> TASK GOAL: Restate the listing below word for word, omitting any images.

> PROVIDED DATA:
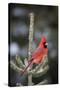 Northern Cardinal Male in Spruce Tree in Winter, Marion, Illinois, Usa-Richard ans Susan Day-Stretched Canvas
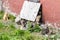 Large group of cute homeless kittens sitting near the stonewall and looking at camera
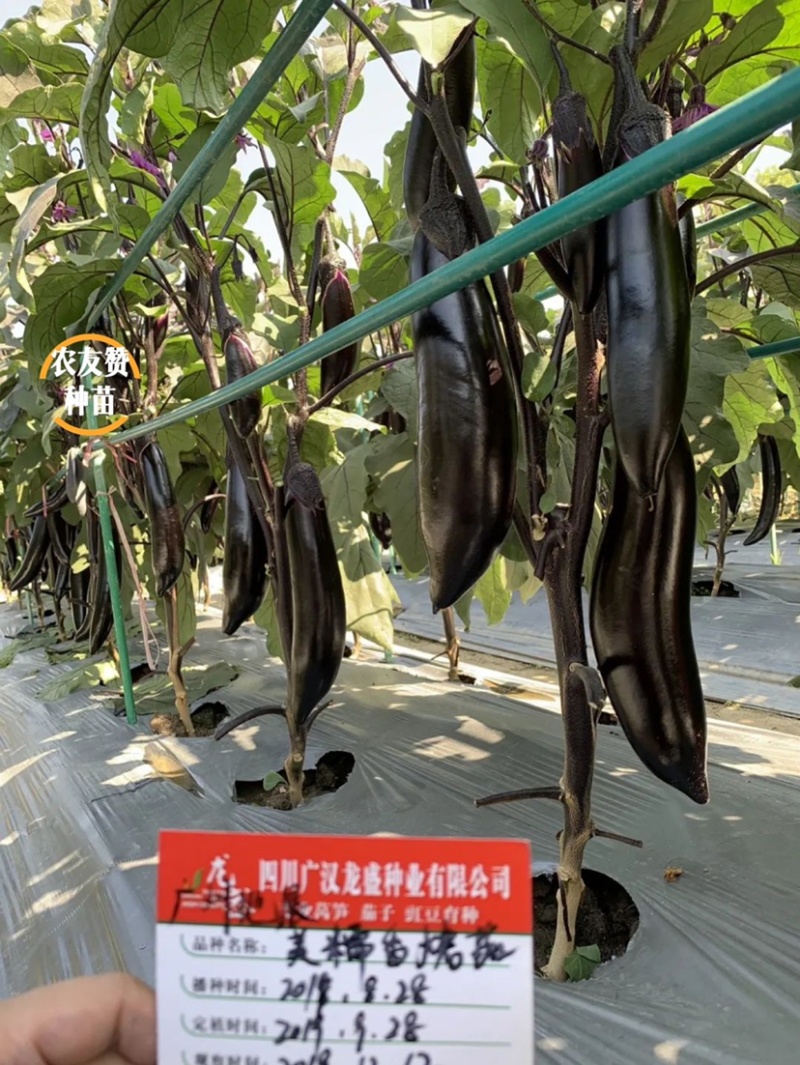 烧烤茄种子龙盛美糯香烤茄早熟杂交一代茄子种子清香好吃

> ANSWER SECTION:
 Northern Cardinal Male in Spruce Tree in Winter, Marion, Illinois, Usa-Richard ans Susan Day-Stretched Canvas
 Large group of cute homeless kittens sitting near the stonewall and looking at camera
 烧烤茄种子龙盛美糯香烤茄早熟杂交一代茄子种子清香好吃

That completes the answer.